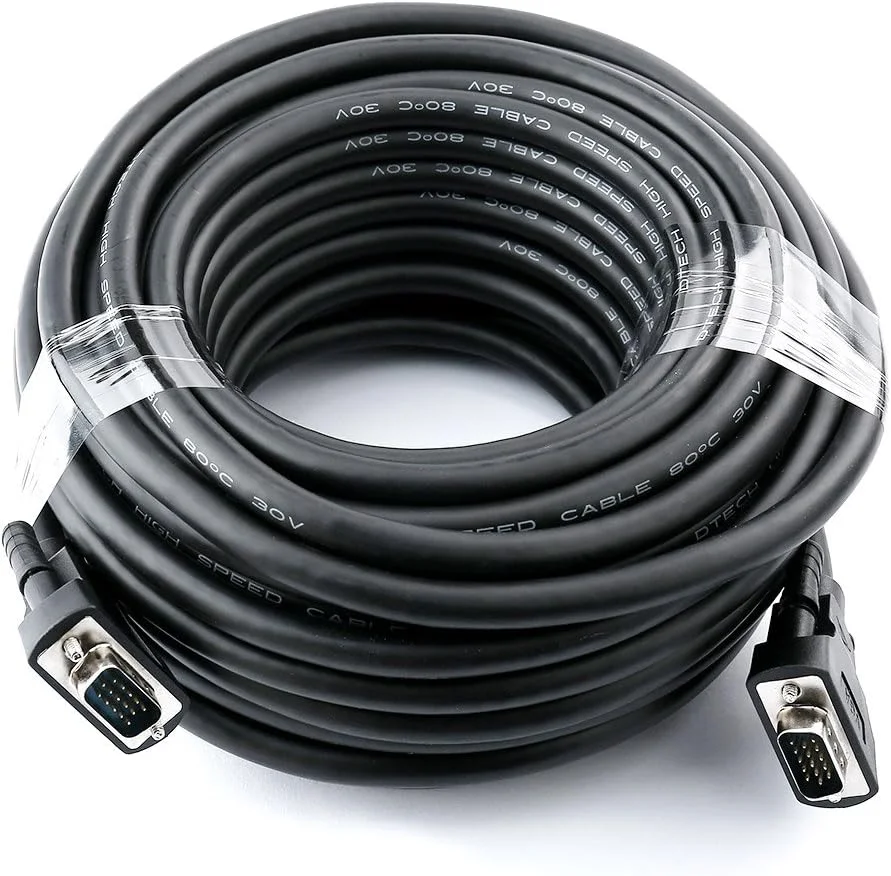 کابل مانیتور VGA دی-تک 15 متری نر به نر با رزولوشن بالا 1080p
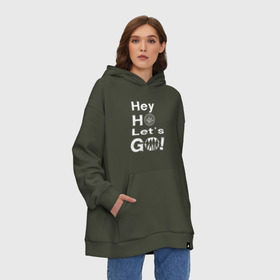 Худи SuperOversize хлопок с принтом Hey ho lets go! в Белгороде, 70% хлопок, 30% полиэстер, мягкий начес внутри | карман-кенгуру, эластичная резинка на манжетах и по нижней кромке, двухслойный капюшон
 | группа | панк | рамон | рамонес | рамоунз | рамоунс | рок | хард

————

- [AIM OF THE EXERCISE] Only the lines from the one with "Худи SuperOversize хлопок" through the end of the listing should be transcribed, exactly and without pictures.

- [ANSWER SPACE]
 Худи SuperOversize хлопок с принтом Hey ho lets go! в Белгороде, 70% хлопок, 30% полиэстер, мягкий начес внутри | карман-кенгуру, эластичная резинка на манжетах и по нижней кромке, двухслойный капюшон
 | группа | панк | рамон | рамонес | рамоунз | рамоунс | рок | хард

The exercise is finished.